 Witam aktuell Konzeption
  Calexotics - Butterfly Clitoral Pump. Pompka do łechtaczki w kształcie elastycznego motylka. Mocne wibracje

--

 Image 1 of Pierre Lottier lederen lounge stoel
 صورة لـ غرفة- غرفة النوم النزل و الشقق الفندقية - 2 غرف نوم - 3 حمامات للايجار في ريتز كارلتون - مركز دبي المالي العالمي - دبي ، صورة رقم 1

▶ REQUIRED WORK: In the entries above, restate word for word the lines between the one holding "Witam aktuell Konzeption" and the one holding "Calexotics - Butterfly", inclusive, and nothing besides.

▶ EXERCISE SOLUTION:
 Witam aktuell Konzeption
  Calexotics - Butterfly Clitoral Pump. Pompka do łechtaczki w kształcie elastycznego motylka. Mocne wibracje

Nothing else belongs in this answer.